Peak

Peak

A peak is the highest point between the end of an economic expansion and the start of a contraction in a business cycle. The peak is the pinnacle of the business cycle and its opposite is the trough, which represents the lowest point in a business cycle. Economic expansions are measured by the increase in GDP from the trough to the peak of a cycle, and contractions are measured by the decrease in GDP from the peak to the trough. Since the end of World War II, the average U.S. business cycle has lasted 6 years from peak to peak. A peak is the highest point between the end of an economic expansion and the start of a contraction in a business cycle.

A peak is the highest point of a business cycle and is followed by a contraction and eventual trough.

What Is a Peak?

A peak is the highest point between the end of an economic expansion and the start of a contraction in a business cycle. The peak of the cycle refers to the last month before several key economic indicators, such as employment and new housing starts, begin to fall. It is at this point real GDP spending in an economy is at its highest level. The peak is the pinnacle of the business cycle and its opposite is the trough, which represents the lowest point in a business cycle.

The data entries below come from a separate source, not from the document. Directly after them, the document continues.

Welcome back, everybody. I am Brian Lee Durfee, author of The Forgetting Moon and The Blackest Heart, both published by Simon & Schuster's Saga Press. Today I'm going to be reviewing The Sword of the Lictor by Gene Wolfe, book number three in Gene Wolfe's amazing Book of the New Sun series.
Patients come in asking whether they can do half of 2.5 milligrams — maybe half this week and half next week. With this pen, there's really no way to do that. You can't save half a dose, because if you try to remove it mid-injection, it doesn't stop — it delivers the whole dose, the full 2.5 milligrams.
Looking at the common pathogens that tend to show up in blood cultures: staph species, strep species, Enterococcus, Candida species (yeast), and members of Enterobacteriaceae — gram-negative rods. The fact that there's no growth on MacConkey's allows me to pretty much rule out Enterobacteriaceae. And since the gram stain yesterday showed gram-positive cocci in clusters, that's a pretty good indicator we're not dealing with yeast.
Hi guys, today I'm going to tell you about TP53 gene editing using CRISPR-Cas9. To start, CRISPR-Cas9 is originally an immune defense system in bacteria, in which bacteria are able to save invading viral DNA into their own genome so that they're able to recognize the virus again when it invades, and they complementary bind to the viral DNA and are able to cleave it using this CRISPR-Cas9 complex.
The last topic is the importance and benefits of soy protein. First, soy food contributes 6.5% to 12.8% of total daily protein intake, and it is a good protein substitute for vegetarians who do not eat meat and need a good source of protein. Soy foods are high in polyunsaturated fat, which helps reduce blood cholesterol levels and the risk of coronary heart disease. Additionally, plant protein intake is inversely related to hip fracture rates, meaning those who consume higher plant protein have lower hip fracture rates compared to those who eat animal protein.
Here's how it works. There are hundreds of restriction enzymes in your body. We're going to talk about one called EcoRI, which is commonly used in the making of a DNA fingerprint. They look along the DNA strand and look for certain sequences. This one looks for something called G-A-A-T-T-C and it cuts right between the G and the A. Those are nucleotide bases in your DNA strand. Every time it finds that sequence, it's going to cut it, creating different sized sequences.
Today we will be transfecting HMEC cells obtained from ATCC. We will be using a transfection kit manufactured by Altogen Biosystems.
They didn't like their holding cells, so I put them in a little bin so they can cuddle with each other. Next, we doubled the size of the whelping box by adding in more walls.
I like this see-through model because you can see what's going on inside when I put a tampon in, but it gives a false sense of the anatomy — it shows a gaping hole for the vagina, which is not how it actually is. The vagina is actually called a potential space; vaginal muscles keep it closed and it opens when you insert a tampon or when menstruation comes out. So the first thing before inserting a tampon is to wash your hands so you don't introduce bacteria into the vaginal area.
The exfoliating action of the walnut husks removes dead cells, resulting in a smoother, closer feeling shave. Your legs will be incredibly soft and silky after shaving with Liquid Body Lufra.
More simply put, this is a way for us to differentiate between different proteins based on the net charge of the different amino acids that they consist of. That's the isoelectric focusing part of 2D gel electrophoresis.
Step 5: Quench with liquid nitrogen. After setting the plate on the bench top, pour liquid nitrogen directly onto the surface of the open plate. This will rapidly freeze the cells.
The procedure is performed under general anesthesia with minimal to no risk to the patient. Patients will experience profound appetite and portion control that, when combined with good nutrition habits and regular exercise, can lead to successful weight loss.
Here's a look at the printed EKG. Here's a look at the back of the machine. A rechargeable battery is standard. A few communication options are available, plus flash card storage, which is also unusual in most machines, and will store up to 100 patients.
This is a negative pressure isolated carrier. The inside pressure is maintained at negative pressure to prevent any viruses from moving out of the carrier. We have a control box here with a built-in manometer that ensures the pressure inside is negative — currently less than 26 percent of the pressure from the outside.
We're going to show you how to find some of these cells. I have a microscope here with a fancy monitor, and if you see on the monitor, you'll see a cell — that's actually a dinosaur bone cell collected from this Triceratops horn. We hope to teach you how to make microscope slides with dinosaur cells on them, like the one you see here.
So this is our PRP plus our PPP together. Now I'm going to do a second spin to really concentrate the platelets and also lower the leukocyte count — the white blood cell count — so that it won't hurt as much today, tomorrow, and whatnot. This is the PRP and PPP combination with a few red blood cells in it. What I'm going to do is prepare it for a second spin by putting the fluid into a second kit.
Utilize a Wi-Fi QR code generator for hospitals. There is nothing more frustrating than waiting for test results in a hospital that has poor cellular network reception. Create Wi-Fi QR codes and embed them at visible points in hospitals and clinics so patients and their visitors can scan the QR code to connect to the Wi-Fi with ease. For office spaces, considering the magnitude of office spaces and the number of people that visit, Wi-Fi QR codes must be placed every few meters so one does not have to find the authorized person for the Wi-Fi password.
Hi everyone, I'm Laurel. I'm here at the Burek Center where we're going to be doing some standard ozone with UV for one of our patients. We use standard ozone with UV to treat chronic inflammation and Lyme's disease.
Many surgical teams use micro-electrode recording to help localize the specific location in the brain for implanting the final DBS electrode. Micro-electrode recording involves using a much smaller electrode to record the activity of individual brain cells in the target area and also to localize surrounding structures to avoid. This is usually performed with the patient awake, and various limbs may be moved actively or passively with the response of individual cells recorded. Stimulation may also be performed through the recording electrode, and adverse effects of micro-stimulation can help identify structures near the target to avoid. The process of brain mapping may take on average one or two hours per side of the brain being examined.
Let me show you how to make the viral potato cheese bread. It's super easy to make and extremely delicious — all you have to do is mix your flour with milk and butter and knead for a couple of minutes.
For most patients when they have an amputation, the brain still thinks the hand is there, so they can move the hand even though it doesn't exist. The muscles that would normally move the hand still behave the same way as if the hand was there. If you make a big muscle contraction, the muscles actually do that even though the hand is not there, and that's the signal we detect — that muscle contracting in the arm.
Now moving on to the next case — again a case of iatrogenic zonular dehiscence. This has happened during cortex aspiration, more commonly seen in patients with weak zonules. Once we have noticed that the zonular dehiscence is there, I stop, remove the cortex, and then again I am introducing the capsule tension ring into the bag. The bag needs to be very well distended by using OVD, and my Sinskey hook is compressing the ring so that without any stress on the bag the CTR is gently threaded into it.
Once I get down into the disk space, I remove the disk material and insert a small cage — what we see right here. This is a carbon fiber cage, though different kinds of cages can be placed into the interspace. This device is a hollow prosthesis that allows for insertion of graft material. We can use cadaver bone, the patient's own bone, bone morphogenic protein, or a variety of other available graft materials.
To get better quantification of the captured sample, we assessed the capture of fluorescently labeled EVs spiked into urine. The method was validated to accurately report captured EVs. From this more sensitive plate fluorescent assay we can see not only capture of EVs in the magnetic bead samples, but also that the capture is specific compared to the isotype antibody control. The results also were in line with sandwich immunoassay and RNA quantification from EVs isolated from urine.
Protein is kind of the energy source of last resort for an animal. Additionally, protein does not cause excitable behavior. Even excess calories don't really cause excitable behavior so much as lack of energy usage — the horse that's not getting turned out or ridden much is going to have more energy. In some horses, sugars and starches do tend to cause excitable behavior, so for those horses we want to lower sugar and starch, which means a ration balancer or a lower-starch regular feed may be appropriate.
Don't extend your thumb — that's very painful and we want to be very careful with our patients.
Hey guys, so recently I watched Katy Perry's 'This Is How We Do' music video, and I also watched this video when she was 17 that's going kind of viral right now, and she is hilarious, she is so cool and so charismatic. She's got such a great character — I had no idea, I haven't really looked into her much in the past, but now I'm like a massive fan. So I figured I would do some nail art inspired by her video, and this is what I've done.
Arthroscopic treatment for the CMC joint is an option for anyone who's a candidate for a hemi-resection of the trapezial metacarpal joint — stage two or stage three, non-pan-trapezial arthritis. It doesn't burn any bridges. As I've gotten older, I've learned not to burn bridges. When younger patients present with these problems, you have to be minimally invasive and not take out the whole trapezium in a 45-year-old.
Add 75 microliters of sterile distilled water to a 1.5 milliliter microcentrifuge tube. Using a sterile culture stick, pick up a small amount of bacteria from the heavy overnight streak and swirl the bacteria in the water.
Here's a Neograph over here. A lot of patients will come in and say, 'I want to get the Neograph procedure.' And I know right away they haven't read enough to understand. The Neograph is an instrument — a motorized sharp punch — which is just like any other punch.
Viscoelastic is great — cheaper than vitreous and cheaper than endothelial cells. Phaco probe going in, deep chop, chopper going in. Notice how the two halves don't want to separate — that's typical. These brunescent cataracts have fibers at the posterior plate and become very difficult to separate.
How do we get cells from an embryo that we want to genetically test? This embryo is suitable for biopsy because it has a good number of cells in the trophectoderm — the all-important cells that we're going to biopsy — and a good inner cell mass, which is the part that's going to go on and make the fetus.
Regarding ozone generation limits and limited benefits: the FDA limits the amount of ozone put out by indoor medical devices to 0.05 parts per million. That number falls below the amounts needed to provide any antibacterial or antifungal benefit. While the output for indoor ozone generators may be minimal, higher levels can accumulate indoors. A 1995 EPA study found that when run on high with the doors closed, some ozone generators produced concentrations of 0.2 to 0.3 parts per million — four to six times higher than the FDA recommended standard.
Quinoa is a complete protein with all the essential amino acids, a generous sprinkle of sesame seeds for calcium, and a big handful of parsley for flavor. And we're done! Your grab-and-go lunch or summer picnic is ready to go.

A peak is the highest point of a business cycle and is followed by a contraction and eventual trough.
Peaks are called after the fact once economic indicators have confirmed that contraction has set in and isn't simply noise.
Peak to peak business cycles have been lasting longer on average for the U.S. economy.

Understanding the Peak

The peak is one of the four phases in the business cycle. The business cycle has no specific order as it simply repeats, but the four phases are recovery/expansion, peak, contraction/recession, and trough. Business cycles are dated according to when the direction of economic activity changes and are measured by the time it takes for an economy to go from one peak to another.

Because economic indicators change at different times, it is the National Bureau of Economic Research (NBER) that ultimately determines the official dates of peaks and troughs in U.S. business cycles. On June 8, 2020, for example, the NBER announced that the U.S. economy had hit a peak in February 2020. The announcement of the peak represented the end of a 128 month expansion for the U.S. economy, making it the longest in U.S. history by 8 months.

Business Cycle

Business Cycle Graph. Image by Julie Bang © Investopedia 2019

How a Peak is Measured

Broadly speaking, a peak represents the top of any cycle. The term originates from physics, where it is defined as the maximum point in a wave or alternating signal. As applied to economics and finance, a peak represents the high point in a business or financial market cycle. A business cycle is primarily measured in terms of real gross domestic product (GDP), but it also draws upon changes in real income, employment, and industrial production figures. Economic expansions are measured by the increase in GDP from the trough to the peak of a cycle, and contractions are measured by the decrease in GDP from the peak to the trough.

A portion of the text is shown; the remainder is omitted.